Cronaca locale

Scala, in scena la solidarietà Sir Gardiner dirige Händel

Una serata dedicata all'Opera San Francesco per i Poveri Il maestro alle prese con l'oratorio semiscenico «Semele»

Piera Anna Franini

Serata fuori programma lunedì alla Scala, a favore dell'Opera San Francesco per i Poveri che a Milano da 60 anni offre assistenza gratuita e accoglienza alle persone in grave difficoltà. Serata - anche musicalmente - straordinaria: si esegue in forma semiscenica «Semele», l'opera-oratorio di Händel.

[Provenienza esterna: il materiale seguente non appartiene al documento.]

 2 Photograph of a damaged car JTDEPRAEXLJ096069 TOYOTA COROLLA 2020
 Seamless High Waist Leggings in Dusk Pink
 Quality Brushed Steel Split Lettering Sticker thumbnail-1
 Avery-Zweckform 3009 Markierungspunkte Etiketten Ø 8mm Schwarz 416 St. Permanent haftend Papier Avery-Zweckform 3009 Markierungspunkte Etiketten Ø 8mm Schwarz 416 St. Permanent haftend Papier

L'interpretazione è del Monteverdi Choir e gli English Baroque Soloists, complessi diretti - ovviamente - da chi li creò: Sir John Eliot Gardiner. Gardiner è figura chiave nella valorizzazione della musica antica, un pioniere delle esecuzioni storicamente informate. Artista-imprenditore, a vent'anni (è nato nel 1943) già creava la sua orchestra per portare in fondo progetti oggi ampiamente sdoganati, ma all'epoca visionari. Un signore cresciuto in una fattoria bio nel Dorset («i miei furono precursori dell'agricoltura sostenibile»), Sir per volere di sua Maestà la regina Elisabetta II. Un no-Brexit convinto, da subito. Come non esserlo: nelle sue tre compagini lavorano musicisti da tutto il mondo, «si porranno problemi di visti, le tournée saranno più complicate. Un disastro», sbotta.

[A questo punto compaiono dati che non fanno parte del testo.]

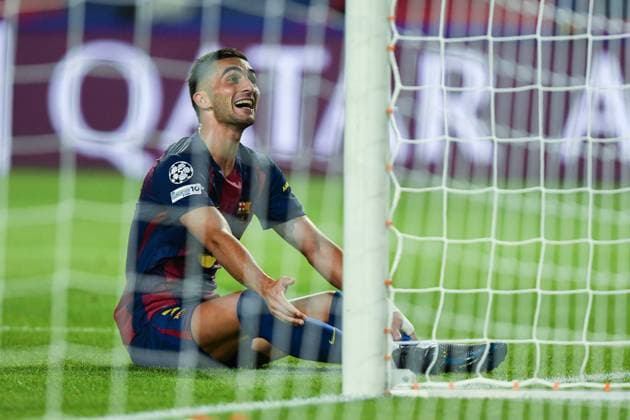 FC Barcelona, Barca v PARIS SAINT-GERMAIN OLIMPIC STADIUM LLUIS COMPANYS. MONTJUIC,BARCELONA. October 1,2025 FC BARCELONA vs PARIS SAINT-GERMAIN October 1,2025 Ferran Torres (7) of FC Barcelona reacts during the soccer match corresponding to the second match of the group stage of the UEFA Champions League between FC Barcelona and Paris Saint-Germain at Olimpic Stadium Lluis Companys of MontjuÃ¯c in Barcelona, Spain. Barcelona ESP Copyright: xS.xRosx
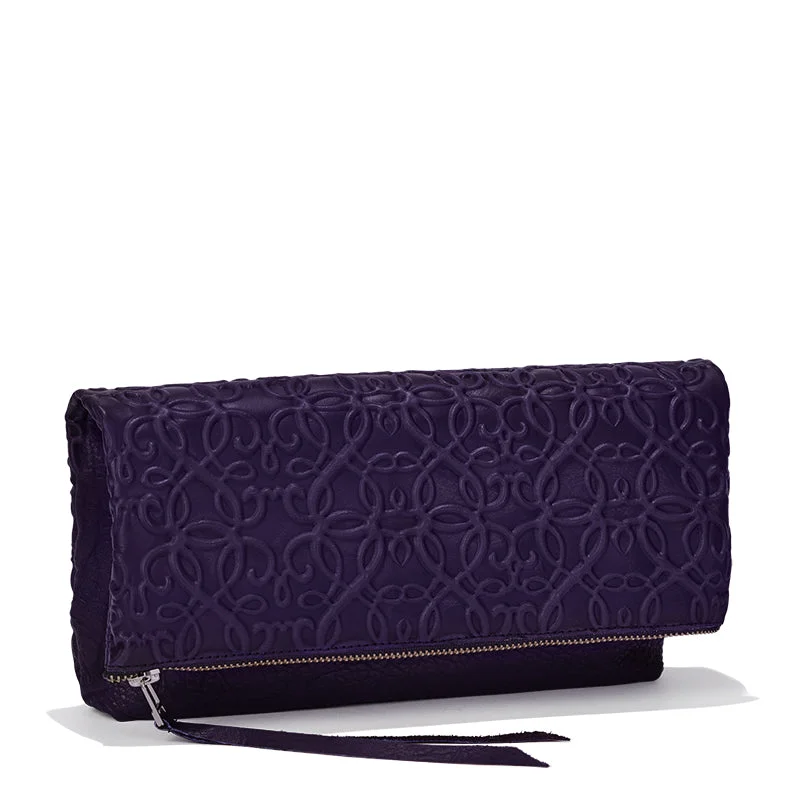 Your Dream Jewelry At Dream Prices – Shop Now Gabriel Leather Fold Over Clutch, Purple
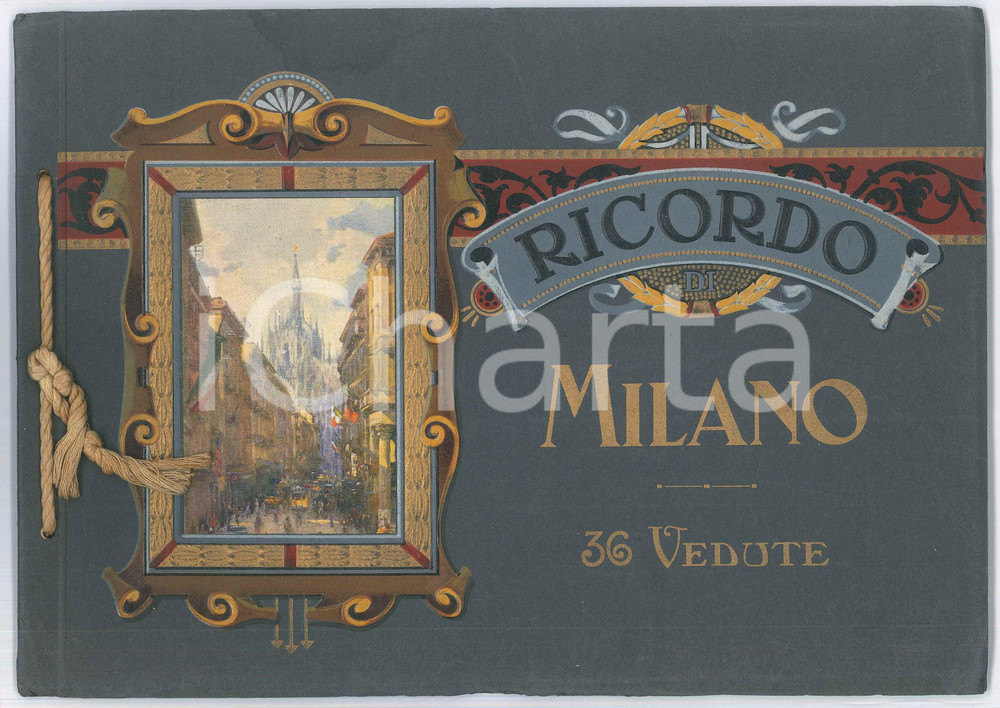 Libro, pubblicazione d epoca 1910 ca TURISMO MILANO Album ricordo ILLUSTRATO  36 vedute 32x23 cm 1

In questi giorni, Gardiner sta portando in giro per l'Europa «Semele», in Italia fa tappa a Milano e mercoledì a Roma. Un'opera-oratorio che Handel e il suo librettista trassero da uno dei passi più salaci delle «Metamorfosi di Ovidio». Si narrano le vicende di Semele, principessa di Tebe, che abbandona il fidanzato Atamante poiché innamorata di Zeus, il padre degli dei. Giunone, moglie di Zeus, non gradisce, e neppure sta con le mani in mano Semele morirà, ma dalle sue ceneri nascerà Bacco, divinità dell'ebbrezza. Nel cast, Louise Alder come Semele, il basso Gianluca Buratto (padre di Semele e dio del sonno), Lucile Richardot (Giunone e Ino). Nei panni scomodi di Atamante, il promesso sposo abbandonato, c'è il controtenore Carlo Vistoli, 31 anni, di Lugo, al debutto scaligero.

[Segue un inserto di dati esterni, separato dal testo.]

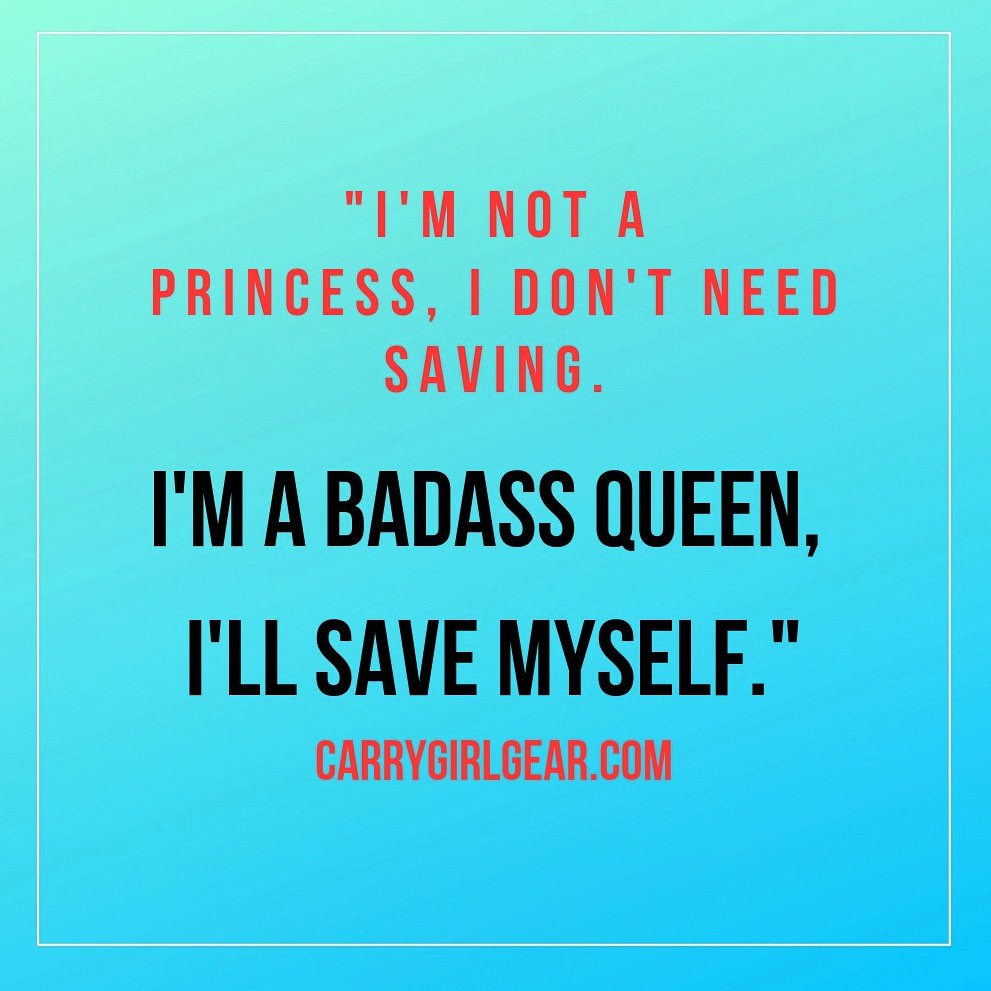 TheCarryGirl1's tweet image. Yasssss!!👑🖤 Knowing I have the knowledge and training to save myself if evil ever knocks on my door is powerful! #badassqueen 

CARRYGIRLGEAR.COM RANGE BAGS 20% OFF TODAY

L'Italia è sempre più avara di giovani voci che spicchino voli internazionali, nessun italiano - per dire- ha superato in questi giorni la prima scrematura di uno dei concorsi di canto top, «Operalia» di Placido Domingo. Vistoli sta costruendo una carriera sempre più intrigante. Dalla sua parte, ha il trend del momento che vede un crescendo di attenzioni per questa vocalità particolare: una voce maschile dal timbro femminile, impiegata per ruoli che un tempo erano dei cantanti castrati o donne en travesti. Non è alla sua prima collaborazione con Gardiner, un signore con il forte senso della leadership «è esigente, chiede il meglio. Durante le prove bisogna sempre dare il massimo. Ha sempre il controllo su tutto», spiega Vistoli. «Del resto - ammette Gardiner - quando dirigi un complesso devi prendere decisioni, sei tu a guidare.

Quindi sì, sono più autocratico che democratico».